Appel d’un jugement de la Cour supérieure ayant accueilli un pourvoi en contrôle judiciaire. Accueilli.

En première instance, la ville intimée soutenait que le Décret concernant la déclaration d'une zone d'intervention spéciale afin de permettre l'aménagement et la poursuite de l'exploitation d'un lieu d'enfouissement technique sur certains lots situés sur le territoire de la Ville de Drummondville (Décret 1235-2021 du 15-09-2021, (2021) 153 G.O. II 5604) n’était pas conforme à sa loi habilitante, la Loi sur l’aménagement et l’urbanisme.
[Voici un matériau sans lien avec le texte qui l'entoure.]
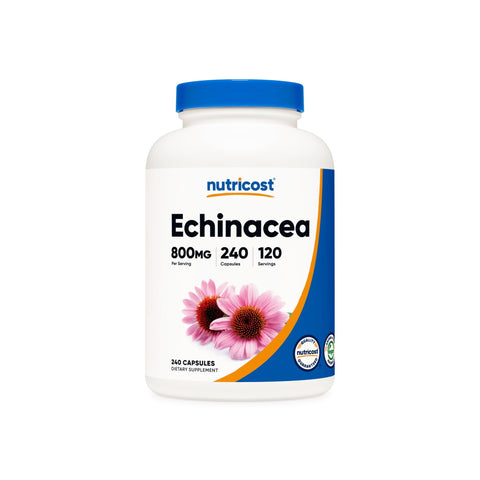 Nutricost Echinacea Capsules - Nutricost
La juge de première instance a annulé le décret. D’une part, le périmètre de la zone d’intervention spéciale (ZIS) n’était pas adéquatement défini et était largement supérieur au territoire requis aux fins de la ZIS, ce qui démontrait que la décision de la créer était déraisonnable en ce qu’elle n’était pas conforme à la Loi sur l’aménagement et l’urbanisme (RLRQ, c. A-19.1) et qu’elle avait été prise à des fins impropres. D’autre part, le décret ne prévoyait pas sa durée.

Le décret n’a pas une portée qui outrepasse les fins prévues dans la Loi sur l’aménagement et l’urbanisme. Les articles 158 et ss. de la loi autorisent le gouvernement à déclarer toute partie du territoire du Québec «zone d’intervention spéciale» dans le but de résoudre un problème d’aménagement ou d’environnement. La loi ne dit pas que le problème dont on cherche la solution doit se situer en tout ou en partie à l’intérieur du périmètre d’application de la ZIS. Par ailleurs, rien dans la loi n’empêche la création d’une ZIS afin de régler un problème réel, et ce, bien que ses effets ne se soient pas encore matérialisés. Cela dit, dans ses motifs, la juge a donné aux pouvoirs accordés par les articles 158 et ss. de la loi une interprétation restrictive, commettant ainsi une erreur de droit. En effet, la loi confère au gouvernement une grande latitude lorsque, à son avis, le problème environnemental qu’il cherche à régler présente un degré élevé de gravité. En l’espèce, la loi lui permettait de déterminer le périmètre de la ZIS qu’il considérait comme utile afin d’atteindre son objectif et rien dans la loi ne le limitait au seul périmètre requis aux fins de l’agrandissement déjà autorisé.

Quant au fait que le décret ne prévoit pas sa durée, la juge a commis 3 erreurs de droit. Premièrement, l’affirmation selon laquelle le gouvernement aurait invoqué l’urgence comme motif de son intervention est inexacte: s’il est vrai qu’il y avait alors bien urgence d’agir, le gouvernement a choisi de ne reconnaître que la gravité du problème comme motif d’intervention, tel qu’il appert clairement du décret lui-même. Deuxièmement, nulle part dans le décret, que ce soit dans ses attendus ou dans les objectifs qui y sont mentionnés, il n’est question du fait que la création de la ZIS ne soit qu’une solution à court terme ou même temporaire au problème auquel il faisait alors face. Troisièmement, en laissant entendre que le gouvernement doit s’efforcer de trouver une solution de rechange à long terme au problème qui tiendrait compte des mesures, des solutions ou des exigences visant à assurer une meilleure gestion des résidus ultimes et des divers contextes régionaux, plutôt que de créer une ZIS afin de solutionner le grave problème d’environnement constaté, la juge s’est ingérée dans le processus décisionnel que le législateur a confié au gouvernement, ce qu’elle ne pouvait pas faire.

Puisque le décret est conforme à la raison d'être et à la portée du régime législatif sous lequel il a été adopté, il est valide.